Cooperative Fish and Wildlife Research Units Program: Arkansas
Education, Research and Technical Assistance for Managing Our Natural Resources


Roberts CP, Uden DR, Allen CR, Angeler DG, Powell LA, Allred BW, Jones MO, Maestas JD, Twidwell D. 2022. Tracking spatial regimes in animal communities: implications for resilience-based management. Ecological Indicators. doi.org/10.1016/j.ecolind.2022.108567




Abstract

Spatial regimes (the spatial extents of ecological states) exhibit strong spatiotemporal order as they expand or contract in response to retreating or encroaching adjacent spatial regimes (e.g., woody plant invasion of grasslands) and human management (e.g., fire treatments).
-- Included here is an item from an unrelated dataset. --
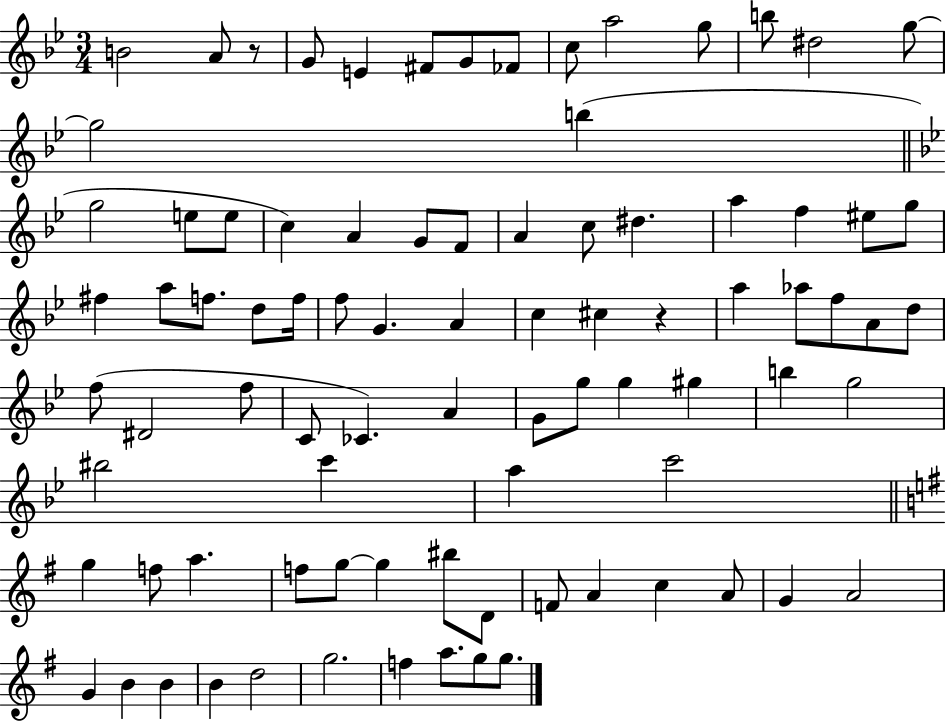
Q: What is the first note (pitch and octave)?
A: B4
New methods enable tracking spatial regime boundaries via vegetation landcover data, and this approach is being used for strategic management across biomes. A clear advancement would be incorporating animal community data to track spatial regime boundaries alongside vegetation data. In a 41,170-hectare grassland experiencing woody plant encroachment, we test the utility of using animal community data to track spatial regimes via two hypotheses. (H1) Spatial regime boundaries identified via independent vegetation and animal datasets will exhibit spatial synchrony; specifically, grassland:woodland bird community boundaries will synchronize with grass:woody vegetation boundaries. (H2) Negative feedbacks will stabilize spatial regimes identified via animal data; specifically, frequent fire treatments will stabilize grassland bird community boundaries. We used 26 years of bird community and vegetation data alongside 32 years of fire history data. We identified spatial regime boundaries with bird community data via a wombling approach. We identified spatial regime boundaries with vegetation data by calculating spatial covariance between remotely-sensed grass and woody plant cover per pixel. For fire history data, we calculated the cumulative number of fires per pixel. Setting bird boundary strength (wombling R2 values) as the response variable, we tested our hypotheses with a hierarchical generalized additive model (HGAM). Both hypotheses were supported: animal boundaries synchronized with vegetation boundaries in space and time, and grassland bird communities stabilized as fire frequency increased (HGAM explained 38% of deviance). We can now track spatial regimes via animal community data pixel-by-pixel and year-by-year. Alongside vegetation boundary tracking, tracking animal community boundaries can inform the scale of management necessary to maintain animal communities endemic to desirable ecological states. Our approach will be especially useful for conserving animal communities requiring large-scale, unfragmented landscapes—like grasslands and steppes.